As mobile phones have grown to near-ubiquity across the world, ever more information has become accessible. McDonald explains that these data have allowed the proliferation of programmatic ad trading, which has underpinned the internet’s dizzying growth.

WARC’s research highlights three trends behind this growth:

Internet spend has grown 5x faster than traditional media

According to WARC forecasts, when indexed, internet adspend’s growth to an expected $298.1 billion this year will represent a rate of expansion that is five times faster than investment in non-internet media since 2010. In that time, 76.6% (or $228.3 billion) of online ad market value will have been created.

And internet spend is also growing faster than its user base.
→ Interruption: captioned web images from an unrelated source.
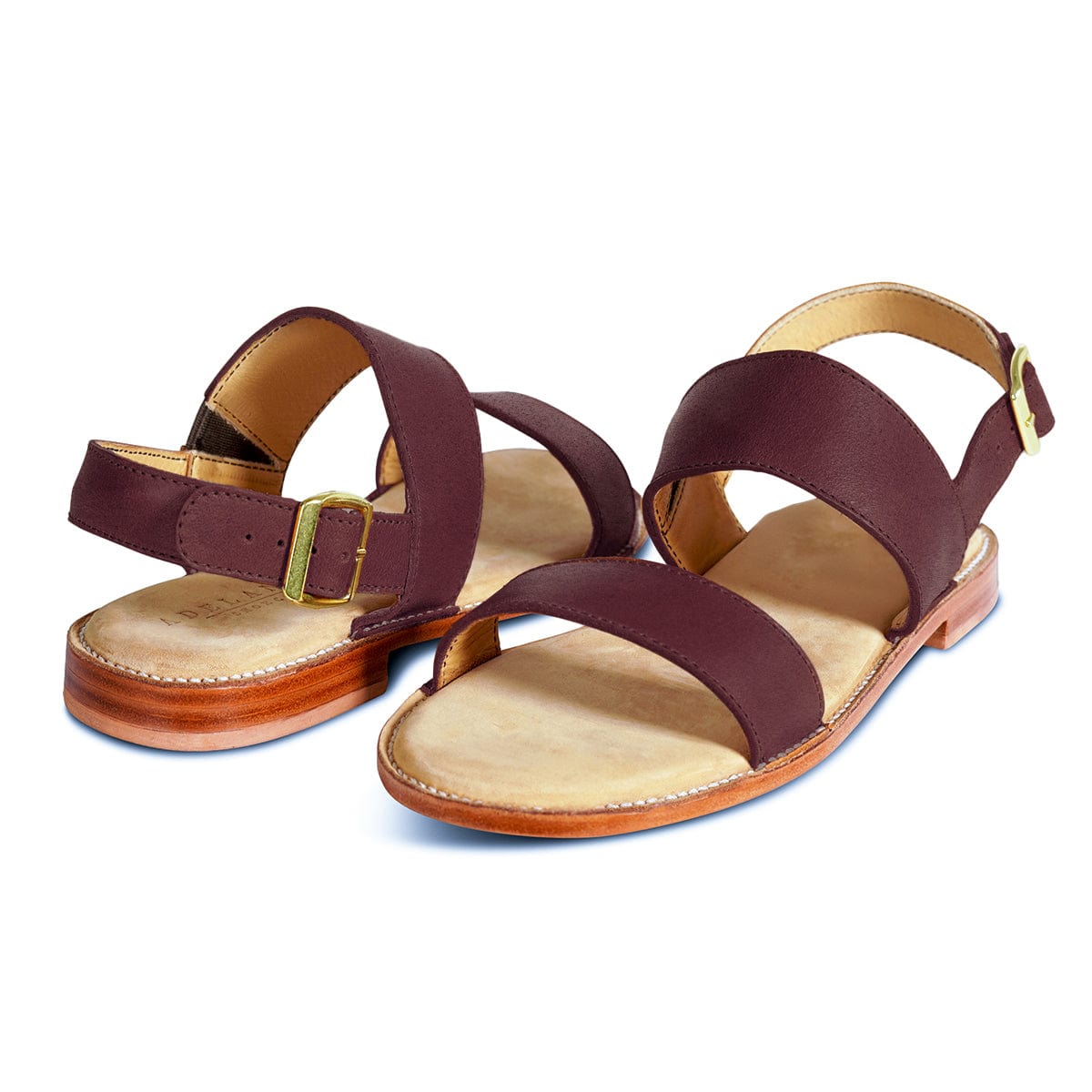 Women's EEE wide burgundy leather sandals, shown from the front at an angle. Crafted for wide and narrow feet – The Córdoba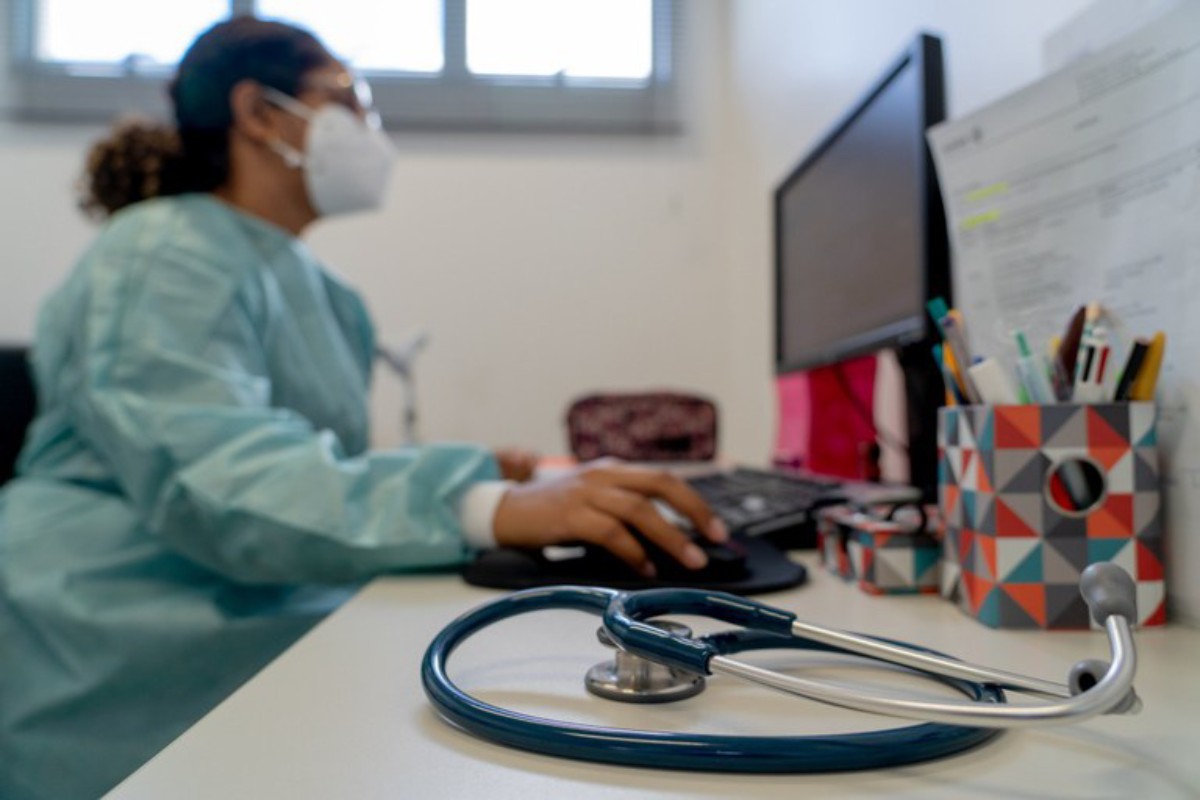 Fotografia colorida mostrando médica mexendo em computador-Metrópoles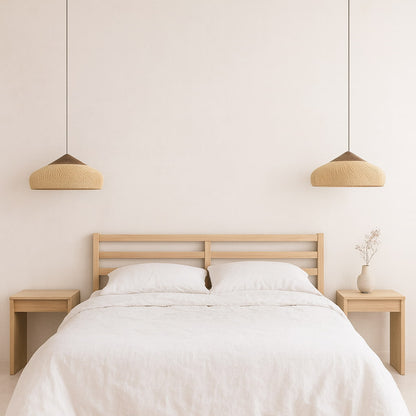 Minimalist bedroom with a bed, nightstands, and wood pendant light wabi sabi​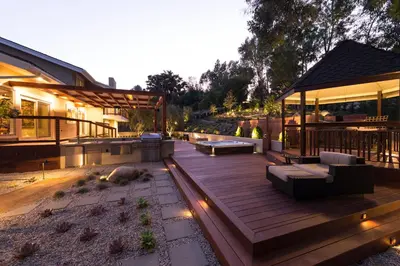 a house with a wooden deck with furniture and lights at The Sanctuary in Laguna Hills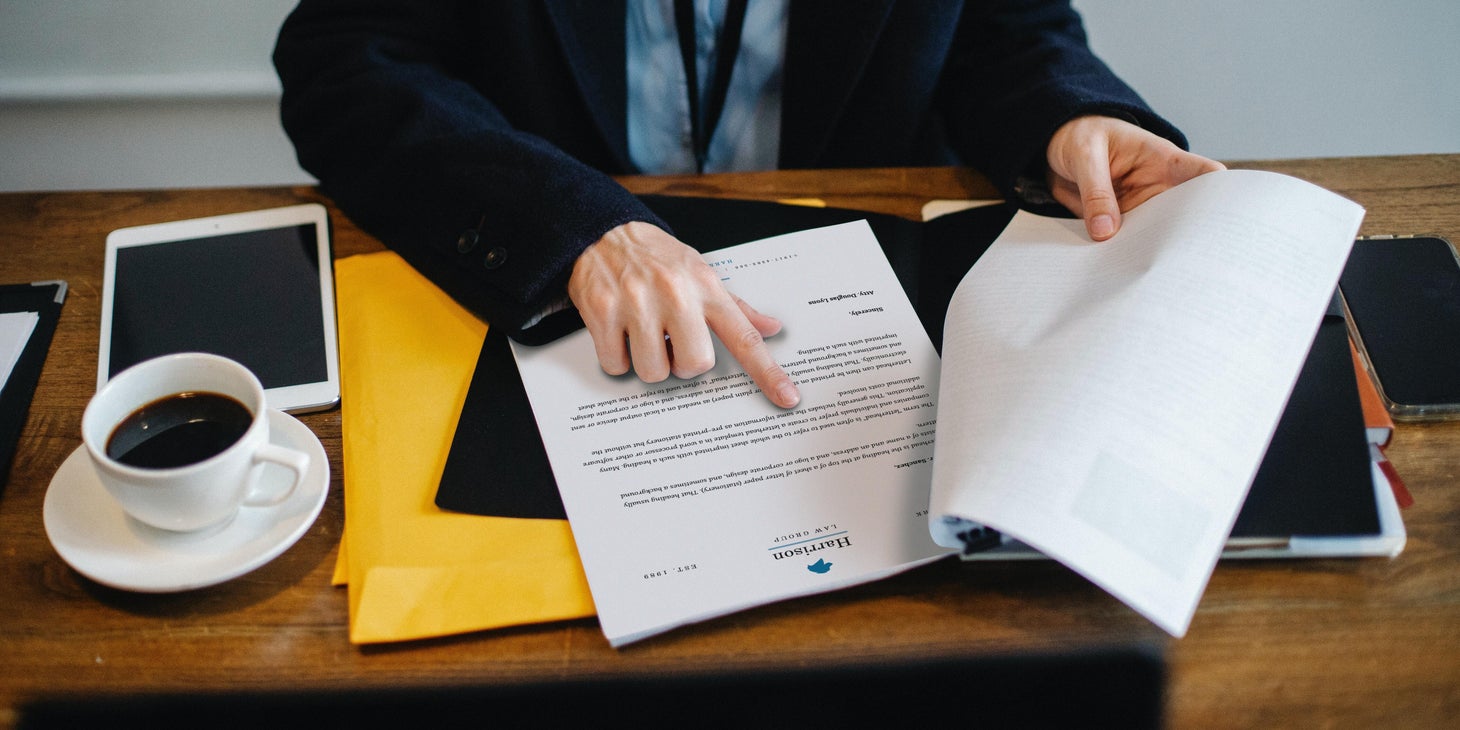 Criminal Analyst reviewing the criminal report before passing it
Compared to 2010, in which advertisers spent $35.43 per internet user, the current rate has now more than doubled to $73.91. Between WARC’s 12 key markets, however, this rate varies wildly from the low (India: $2.63) to the extremely high (US: $491.50).

Mobile is the undisputed king

Now the primary ad channel, mobile will account for 95% of internet ad growth, such that the terms internet and mobile are nearly synonymous. Mobile adspend surpassed that for other internet channels (including desktop, tablet and connected TVs) combined for the first time in 2018, and this year mobile ads are expected to bring in 58.8% of all internet spend, equivalent to $175.3 billion. Among WARC’s key markets, mobile is expected to overtake TV in absolute terms across this year.

Display formats contribute the most to growth

Display, including banner ads, rich media, advertorial and sponsorship, online video and social media (among others) are expected to draw 45.1% ($118.5bn) of internet advertising spend across 12 key markets. These formats, combined, have accounted for over half of internet growth since 2016.

Within online display, half of this investment growth has come from social since 2015, and among the world's three largest markets (the US, China and the UK), 47.7% ($38.8bn) of display adspend went towards social media ads last year, up from 29.2% in 2014. In the US, social’s concentration is particularly acute: 83.4% of social spend goes to Facebook, up from 79.9% last year.

Online video is never far from investment interest, and this report shows its increasing importance, with its contribution to online display growth consistently over 33% since 2015. This year, video content is expected to draw one in three dollars from spend in WARC’s 12 key markets.